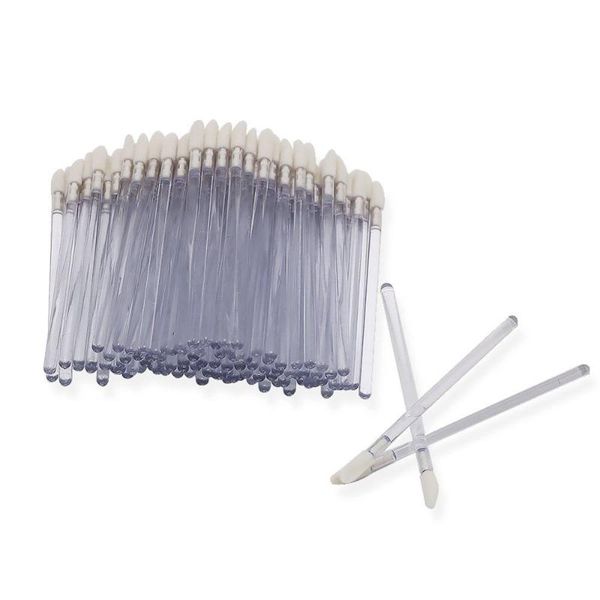 

50/100pcs disposable clear lip brushes portable lipsticks lip gloss wands applicators cosmetic brush fashion make up tools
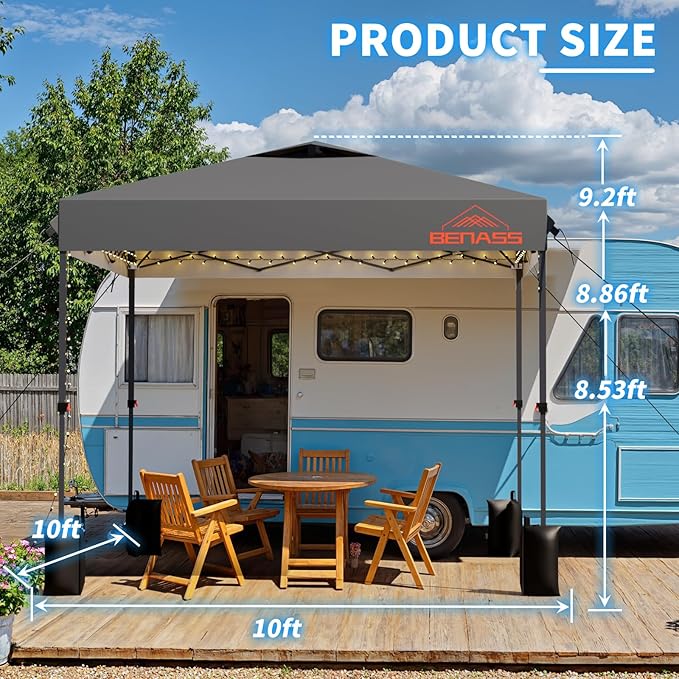 10x10 Pop Up Canopy, Easy Up Canopy Tent, Heavy Duty Tents for Parties, One Person Set Up Event Tent, Light Gray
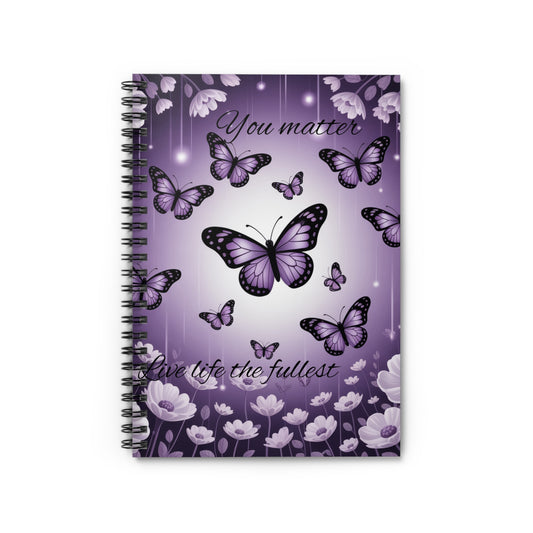 Purple Butterfly Inspirational Spiral Notebook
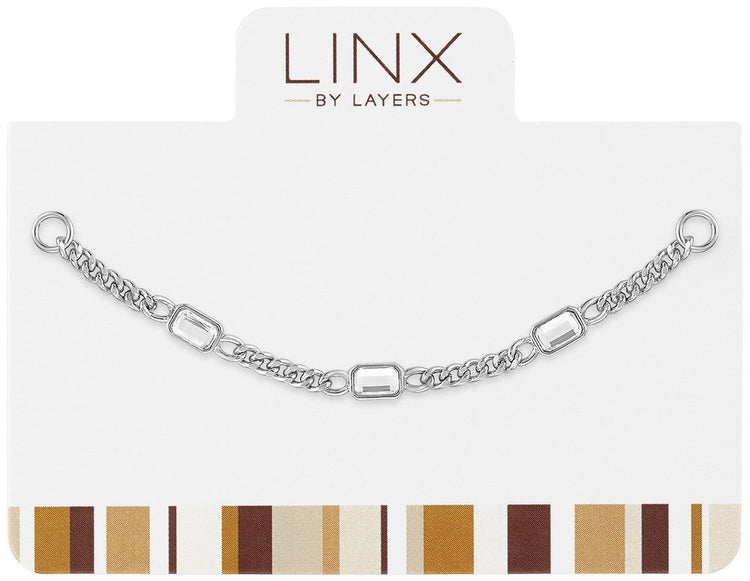 Silver chunky chain solitaire LINX add-on with thick polished links
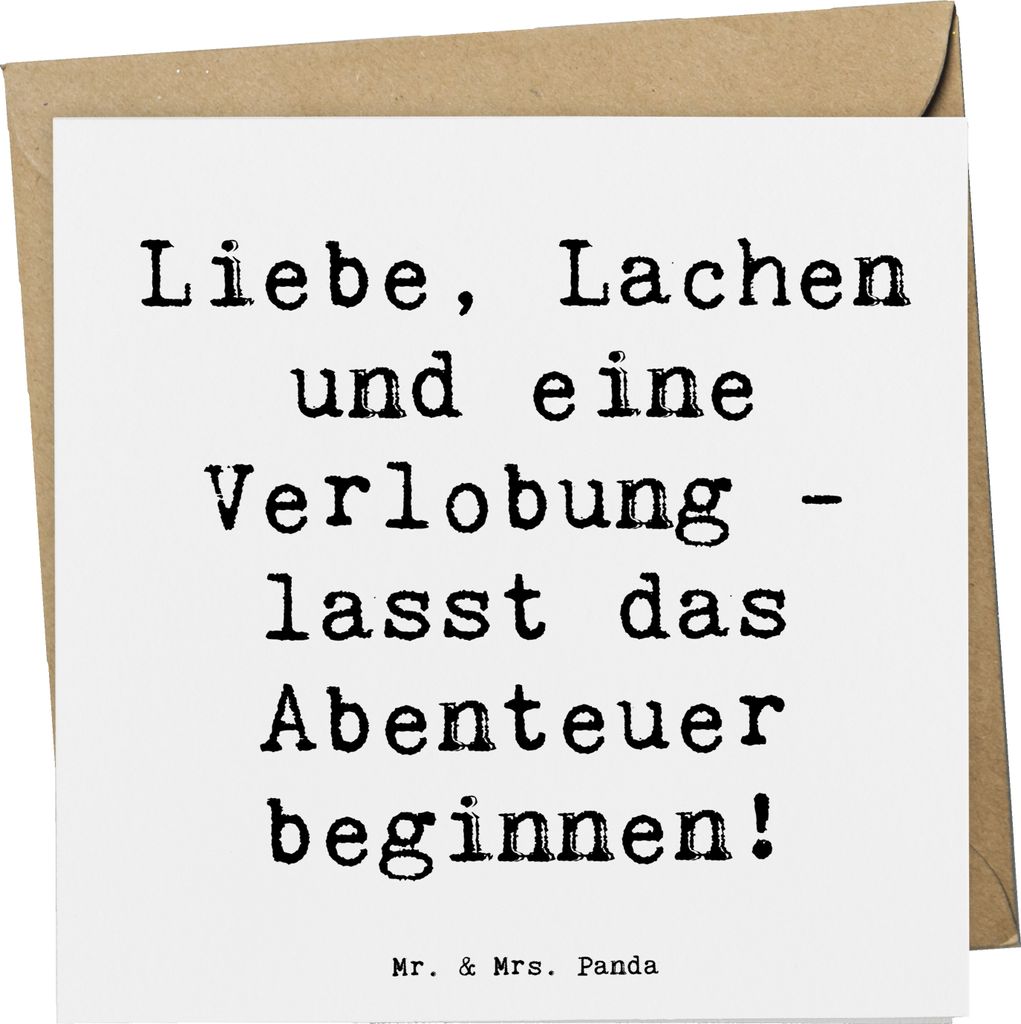 Mr. & Mrs. Panda Grußkarte Spruch Verlobungsfeier Abenteuer - Weiß - Geschenk, Liebevoll, doppelkarte, Zukunft, anlasskarte, Heirat, faltkarte, K...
........
All that is needed is the lines from the line holding "Purple Butterfly Inspirational" to the final line of the listing above, repeated exactly, pictures excluded.

**The answer:**
 Purple Butterfly Inspirational Spiral Notebook
 Silver chunky chain solitaire LINX add-on with thick polished links
 Mr. & Mrs. Panda Grußkarte Spruch Verlobungsfeier Abenteuer - Weiß - Geschenk, Liebevoll, doppelkarte, Zukunft, anlasskarte, Heirat, faltkarte, K...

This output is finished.